▸ **About this task**: Only an exact, line-for-line copy of the data will serve as the answer.

Entries taken from a collection:
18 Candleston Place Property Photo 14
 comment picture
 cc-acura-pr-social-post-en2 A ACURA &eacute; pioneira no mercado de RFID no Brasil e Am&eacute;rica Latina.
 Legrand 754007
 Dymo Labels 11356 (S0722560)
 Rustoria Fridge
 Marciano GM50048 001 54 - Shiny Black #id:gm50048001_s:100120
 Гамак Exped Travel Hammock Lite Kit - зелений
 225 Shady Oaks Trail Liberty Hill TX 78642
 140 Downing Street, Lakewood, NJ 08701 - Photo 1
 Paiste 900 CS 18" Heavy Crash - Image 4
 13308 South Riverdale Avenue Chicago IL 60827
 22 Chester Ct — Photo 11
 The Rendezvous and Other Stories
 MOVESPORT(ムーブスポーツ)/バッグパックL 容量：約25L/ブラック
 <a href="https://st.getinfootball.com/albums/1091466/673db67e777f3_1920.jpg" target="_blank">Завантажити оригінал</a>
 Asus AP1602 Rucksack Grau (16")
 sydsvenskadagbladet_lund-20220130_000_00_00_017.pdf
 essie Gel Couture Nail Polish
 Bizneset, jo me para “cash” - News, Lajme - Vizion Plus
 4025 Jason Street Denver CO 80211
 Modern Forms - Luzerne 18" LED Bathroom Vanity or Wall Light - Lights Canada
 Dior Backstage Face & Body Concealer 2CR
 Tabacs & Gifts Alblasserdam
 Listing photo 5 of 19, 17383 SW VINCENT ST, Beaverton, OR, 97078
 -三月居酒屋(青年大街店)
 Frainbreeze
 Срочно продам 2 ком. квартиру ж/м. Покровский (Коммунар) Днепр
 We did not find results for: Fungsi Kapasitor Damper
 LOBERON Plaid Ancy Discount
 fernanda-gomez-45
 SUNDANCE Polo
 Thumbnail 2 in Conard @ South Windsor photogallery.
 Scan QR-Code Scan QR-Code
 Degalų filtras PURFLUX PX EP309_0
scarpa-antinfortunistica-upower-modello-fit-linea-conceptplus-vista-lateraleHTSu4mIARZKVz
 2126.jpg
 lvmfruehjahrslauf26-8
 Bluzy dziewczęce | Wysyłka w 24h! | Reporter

▸ **Answer for this exercise**:
18 Candleston Place Property Photo 14
 comment picture
 cc-acura-pr-social-post-en2 A ACURA &eacute; pioneira no mercado de RFID no Brasil e Am&eacute;rica Latina.
 Legrand 754007
 Dymo Labels 11356 (S0722560)
 Rustoria Fridge
 Marciano GM50048 001 54 - Shiny Black #id:gm50048001_s:100120
 Гамак Exped Travel Hammock Lite Kit - зелений
 225 Shady Oaks Trail Liberty Hill TX 78642
 140 Downing Street, Lakewood, NJ 08701 - Photo 1
 Paiste 900 CS 18" Heavy Crash - Image 4
 13308 South Riverdale Avenue Chicago IL 60827
 22 Chester Ct — Photo 11
 The Rendezvous and Other Stories
 MOVESPORT(ムーブスポーツ)/バッグパックL 容量：約25L/ブラック
 <a href="https://st.getinfootball.com/albums/1091466/673db67e777f3_1920.jpg" target="_blank">Завантажити оригінал</a>
 Asus AP1602 Rucksack Grau (16")
 sydsvenskadagbladet_lund-20220130_000_00_00_017.pdf
 essie Gel Couture Nail Polish
 Bizneset, jo me para “cash” - News, Lajme - Vizion Plus
 4025 Jason Street Denver CO 80211
 Modern Forms - Luzerne 18" LED Bathroom Vanity or Wall Light - Lights Canada
 Dior Backstage Face & Body Concealer 2CR
 Tabacs & Gifts Alblasserdam
 Listing photo 5 of 19, 17383 SW VINCENT ST, Beaverton, OR, 97078
 -三月居酒屋(青年大街店)
 Frainbreeze
 Срочно продам 2 ком. квартиру ж/м. Покровский (Коммунар) Днепр
 We did not find results for: Fungsi Kapasitor Damper
 LOBERON Plaid Ancy Discount
 fernanda-gomez-45
 SUNDANCE Polo
 Thumbnail 2 in Conard @ South Windsor photogallery.
 Scan QR-Code Scan QR-Code
 Degalų filtras PURFLUX PX EP309_0
scarpa-antinfortunistica-upower-modello-fit-linea-conceptplus-vista-lateraleHTSu4mIARZKVz
 2126.jpg
 lvmfruehjahrslauf26-8
 Bluzy dziewczęce | Wysyłka w 24h! | Reporter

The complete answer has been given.